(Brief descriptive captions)
________________________

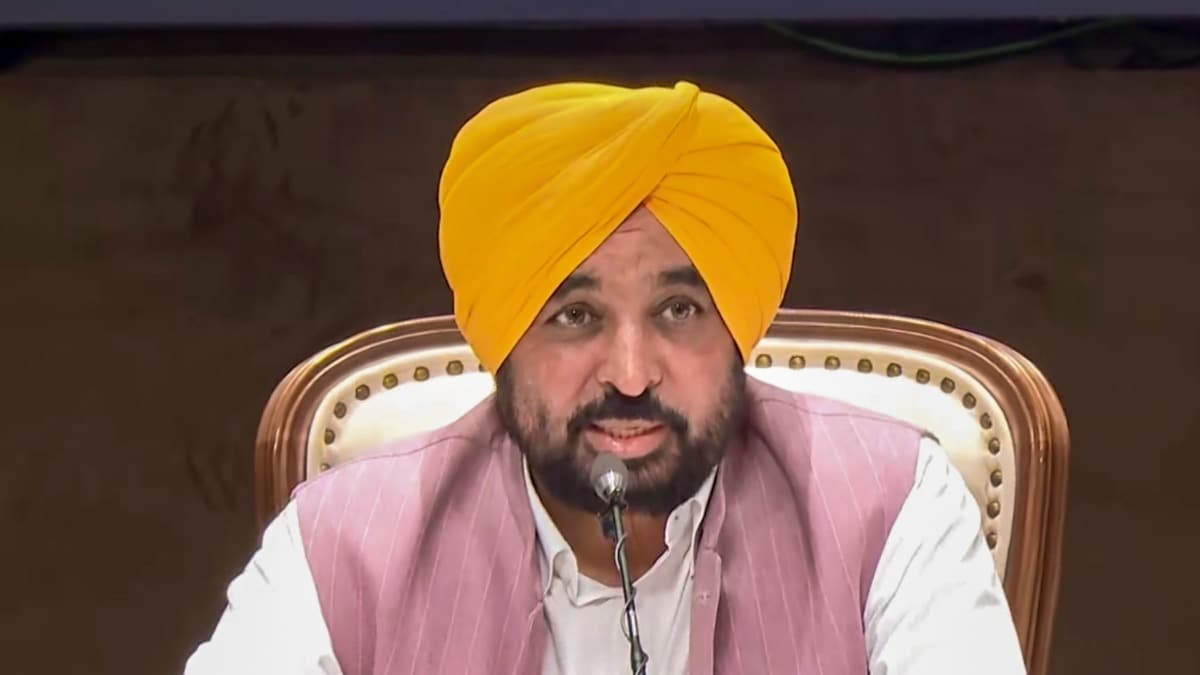 पराली जलाने पर किसानों पर FIR के पक्ष में नहीं भगवंत मान, बोले- नकद प्रोत्साहन से रोकें आग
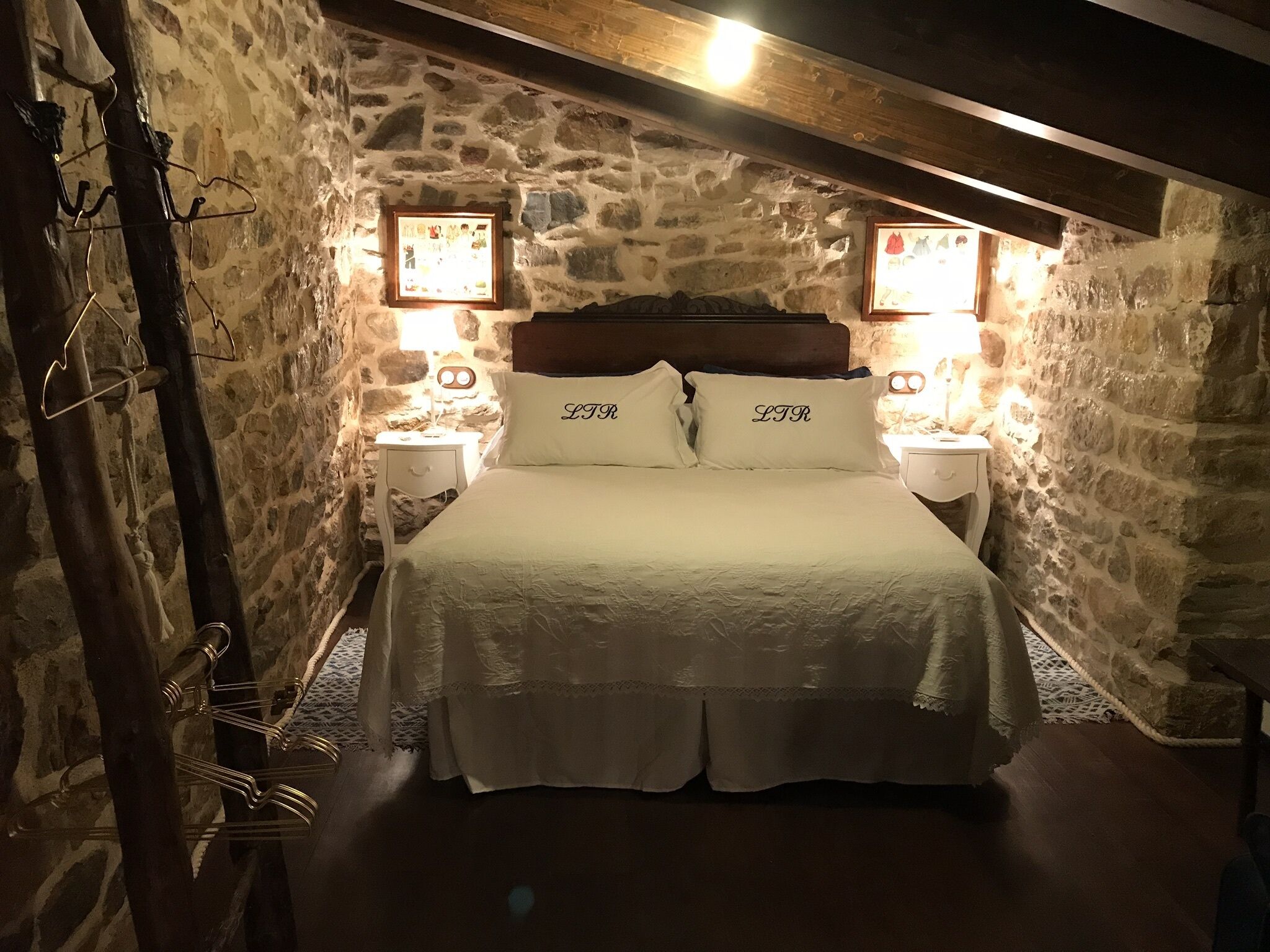 1 slaapkamer, een strijkplank/strijkijzer, beddengoed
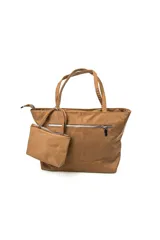 Cartera tipo shopper color tostado, con cierre superior, doble asa de hombro y un pequeño bolso monedero con cierre y asa corta colgando del frente. Cuenta además con un bolsillo exterior trasero con cierre metálico.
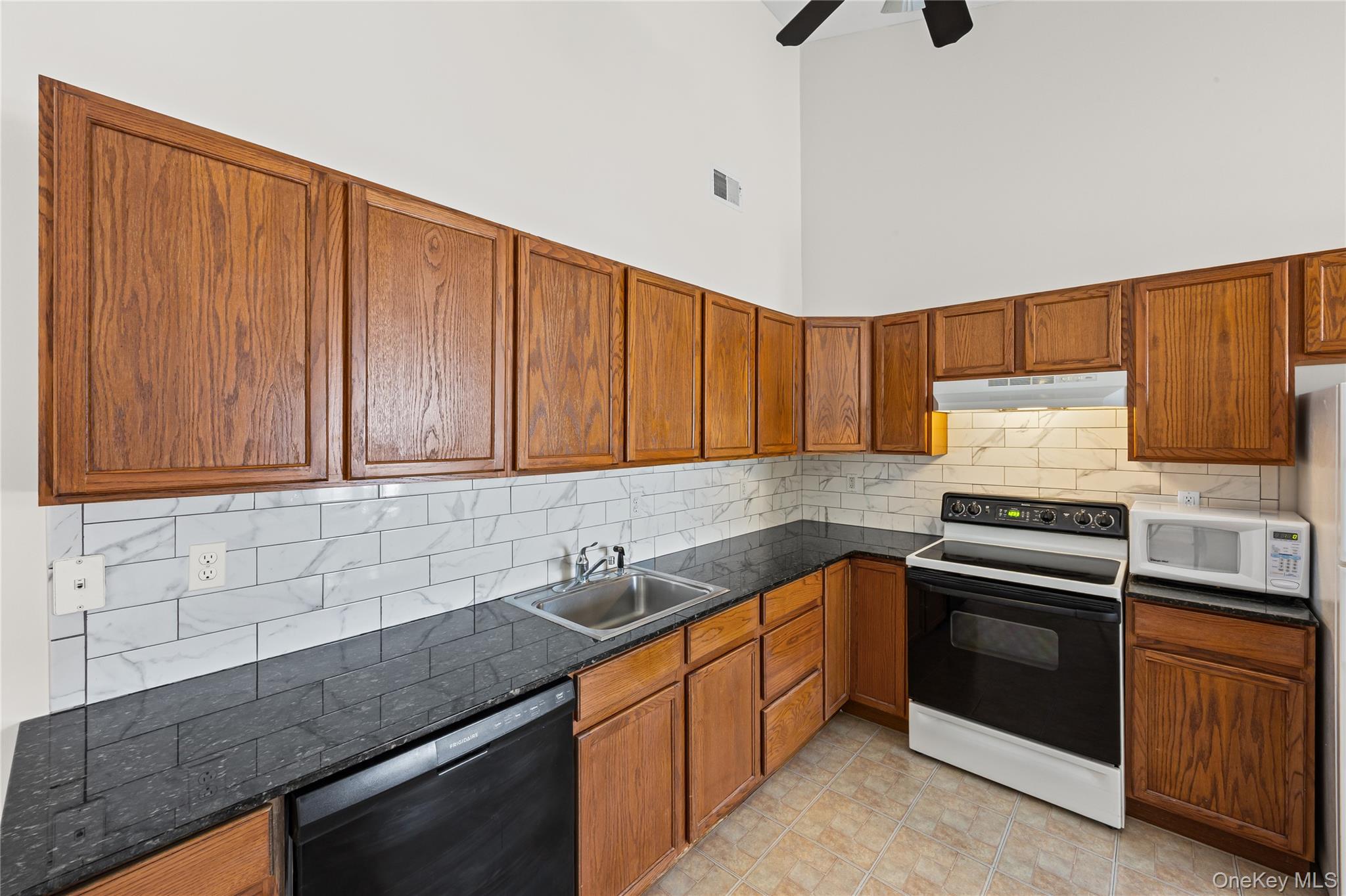 #9 photo, 1005 Constance Lane, Port Jefferson , NY 11776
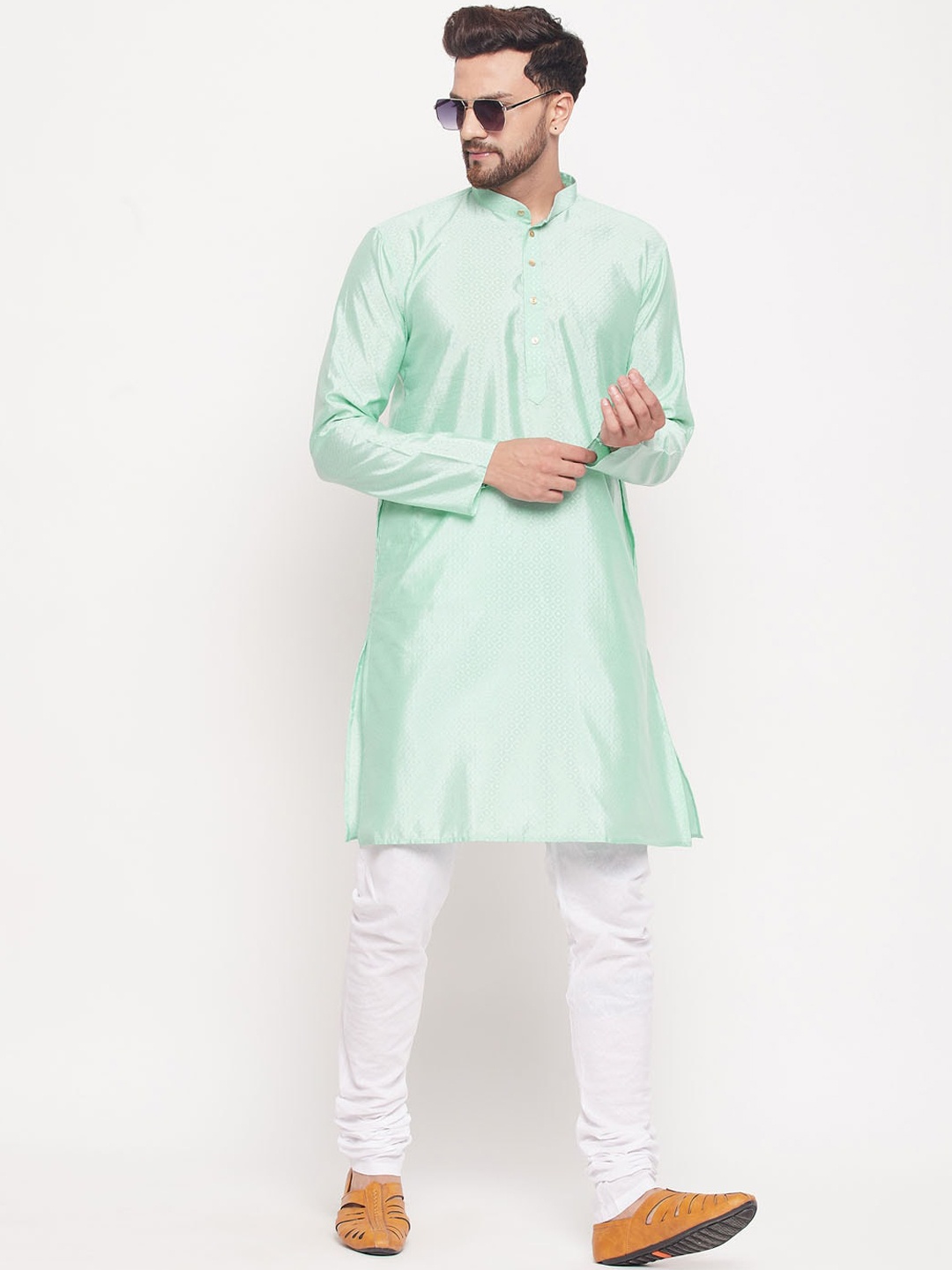 

VASTRAMAY Woven Design Mandarin Collar Kurta with Churidar, Green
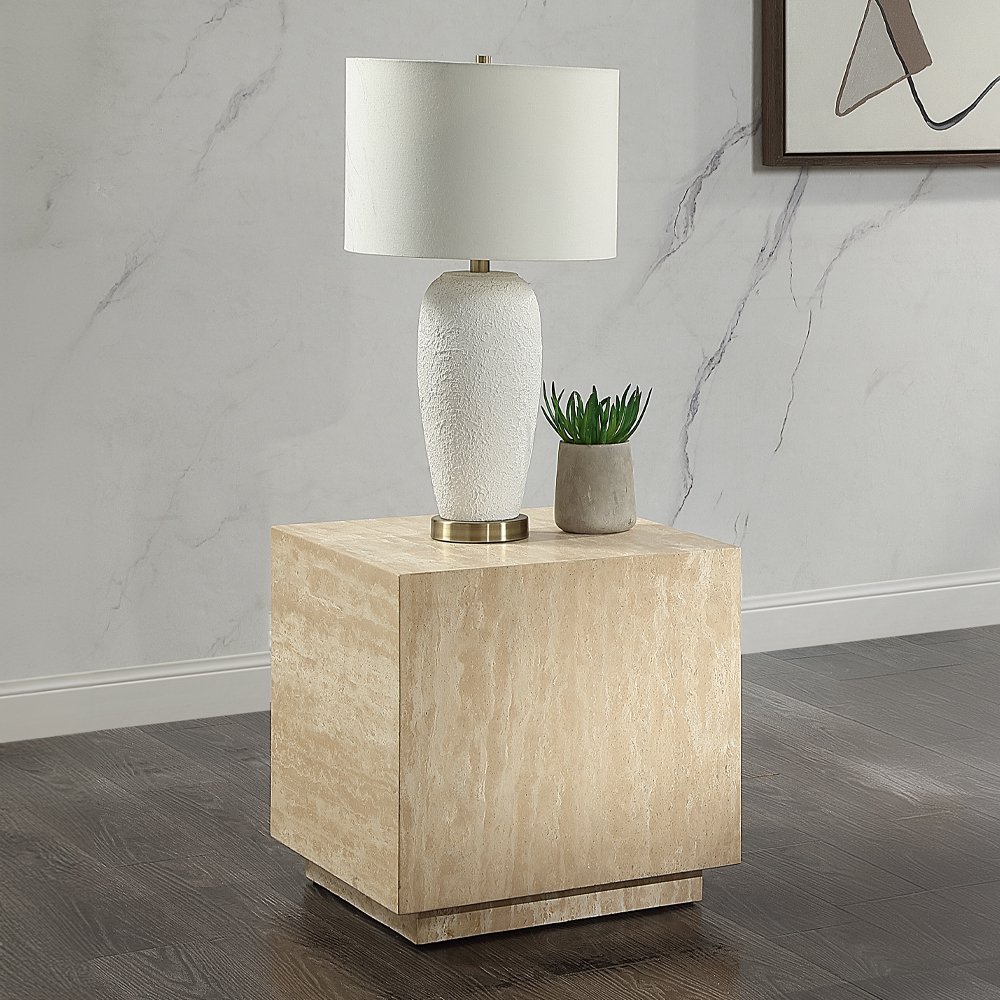 lv04246.jpg Deon End Table - Image 1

________________________

> _What this task involves_:
Write out a verbatim copy of the lines from the line that contains "Cartera tipo shopper" through the end of the entries above; pictures are not copied.

> _Written response_:
 Cartera tipo shopper color tostado, con cierre superior, doble asa de hombro y un pequeño bolso monedero con cierre y asa corta colgando del frente. Cuenta además con un bolsillo exterior trasero con cierre metálico.
 #9 photo, 1005 Constance Lane, Port Jefferson , NY 11776

VASTRAMAY Woven Design Mandarin Collar Kurta with Churidar, Green
 lv04246.jpg Deon End Table - Image 1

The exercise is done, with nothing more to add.